Pengguna jalan juga diimbau untuk tidak berhenti di area perlintasan serta selalu mendahulukan perjalanan kereta api yang sedang melintas. KAI berkomitmen menjaga keselamatan perjalanan kereta api. Namun, keselamatan juga memerlukan kedisiplinan seluruh pengguna jalan karena merupakan tanggung jawab bersama.
Insiden tersebut bermula ketika perangkat peringatan di perlintasan telah aktif, yang ditandai dengan bunyi sirene sebagai tanda akan adanya kereta api yang melintas. Saat sirene berbunyi dan petugas bersiap menutup palang pintu, sebuah truk tetap melintasi perlintasan tersebut.

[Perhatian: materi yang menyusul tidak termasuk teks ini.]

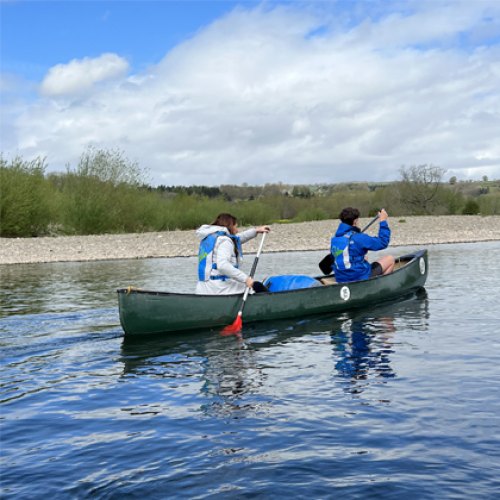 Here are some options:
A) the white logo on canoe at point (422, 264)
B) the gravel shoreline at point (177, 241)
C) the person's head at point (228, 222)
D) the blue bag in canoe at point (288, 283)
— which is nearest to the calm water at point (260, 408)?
the blue bag in canoe at point (288, 283)

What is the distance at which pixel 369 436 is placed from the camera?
524 cm

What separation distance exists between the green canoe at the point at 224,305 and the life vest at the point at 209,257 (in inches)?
15.0

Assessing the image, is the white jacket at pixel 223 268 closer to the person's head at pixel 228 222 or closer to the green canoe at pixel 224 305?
the person's head at pixel 228 222

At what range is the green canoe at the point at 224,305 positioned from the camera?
31.4 ft

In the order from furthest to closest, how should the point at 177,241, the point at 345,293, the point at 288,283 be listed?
the point at 177,241, the point at 345,293, the point at 288,283

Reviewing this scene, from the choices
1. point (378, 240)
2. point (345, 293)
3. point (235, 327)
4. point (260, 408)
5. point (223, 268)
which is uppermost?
point (378, 240)

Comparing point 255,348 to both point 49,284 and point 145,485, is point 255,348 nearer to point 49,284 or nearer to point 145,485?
point 145,485

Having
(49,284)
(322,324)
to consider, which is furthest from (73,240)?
(322,324)

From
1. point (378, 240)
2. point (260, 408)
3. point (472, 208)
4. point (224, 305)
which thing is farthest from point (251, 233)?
point (472, 208)

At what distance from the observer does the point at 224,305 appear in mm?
10086

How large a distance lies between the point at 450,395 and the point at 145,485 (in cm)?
293

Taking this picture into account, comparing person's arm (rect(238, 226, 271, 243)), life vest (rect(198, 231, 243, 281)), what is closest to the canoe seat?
person's arm (rect(238, 226, 271, 243))

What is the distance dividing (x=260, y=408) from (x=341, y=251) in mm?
5913

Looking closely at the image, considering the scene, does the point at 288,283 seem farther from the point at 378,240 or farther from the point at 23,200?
the point at 23,200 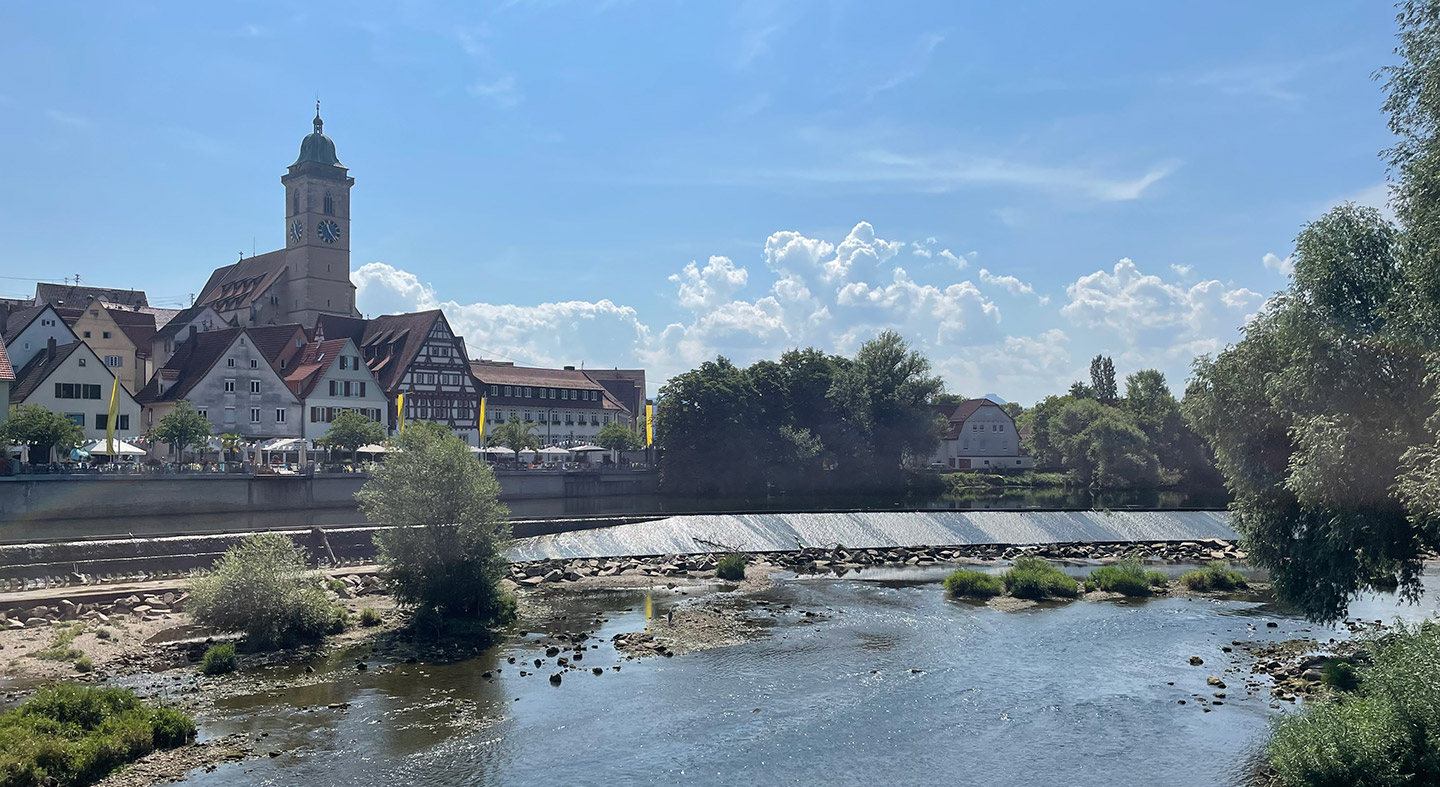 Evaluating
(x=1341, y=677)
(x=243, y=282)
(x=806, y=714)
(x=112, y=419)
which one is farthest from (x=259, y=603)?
(x=243, y=282)

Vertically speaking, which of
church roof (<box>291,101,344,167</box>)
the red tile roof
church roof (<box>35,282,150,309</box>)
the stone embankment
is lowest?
the stone embankment

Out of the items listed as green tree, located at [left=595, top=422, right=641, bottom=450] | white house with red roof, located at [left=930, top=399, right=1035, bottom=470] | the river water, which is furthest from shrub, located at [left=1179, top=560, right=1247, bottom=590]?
white house with red roof, located at [left=930, top=399, right=1035, bottom=470]

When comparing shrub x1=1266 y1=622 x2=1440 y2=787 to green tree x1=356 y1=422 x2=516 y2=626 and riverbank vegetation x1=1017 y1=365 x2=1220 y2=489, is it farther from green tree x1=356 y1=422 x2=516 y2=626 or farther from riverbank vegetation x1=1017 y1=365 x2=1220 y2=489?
riverbank vegetation x1=1017 y1=365 x2=1220 y2=489

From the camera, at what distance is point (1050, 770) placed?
19953mm

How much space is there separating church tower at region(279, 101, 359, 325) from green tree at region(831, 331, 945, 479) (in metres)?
55.1

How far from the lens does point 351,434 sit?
3012 inches

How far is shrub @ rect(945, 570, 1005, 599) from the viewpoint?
3991 cm

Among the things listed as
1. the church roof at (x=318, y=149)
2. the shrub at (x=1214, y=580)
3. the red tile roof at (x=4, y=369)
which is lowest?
the shrub at (x=1214, y=580)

Ketika berada di tengah jalur rel, kendaraan tersebut tiba-tiba mengalami mogok sehingga posisinya menghalangi jalur kereta api. Petugas penjaga perlintasan telah berupaya menghentikan laju kereta dengan membawa semboyan 3 sebagai tanda peringatan. Namun karena jarak kereta sudah terlalu dekat, KA 408 tidak dapat berhenti sehingga tabrakan tidak dapat dihindari.
Akibat kejadian tersebut, lokomotif KA 408 mengalami gangguan teknis berupa patahnya plug kran sehingga kereta sempat berhenti di lokasi kejadian. Meski demikian, masinis dan asisten masinis dilaporkan dalam kondisi selamat.
KAI Daop 7 Madiun kemudian segera melakukan koordinasi dengan petugas pengatur perjalanan kereta api (PPKA), petugas pengamanan, serta tim sarana untuk menangani kejadian tersebut.
Proses evakuasi truk berhasil diselesaikan pada pukul 22.00 WIB sehingga jalur kembali dapat digunakan. Selanjutnya pada pukul 22.35 WIB, lokomotif berhasil diperbaiki dan kereta diizinkan berjalan mundur menuju Stasiun Blitar dengan kecepatan terbatas sekitar 5 kilometer per jam.
Perjalanan kereta tersebut didahului oleh petugas yang membawa semboyan 3 sebagai langkah pengamanan selama proses pergerakan kereta. Dengan kejadian ini, KAI Daop 7 Madiun mengingatkan kembali pentingnya keselamatan dan kedisiplinan saat melintas di perlintasan kereta api.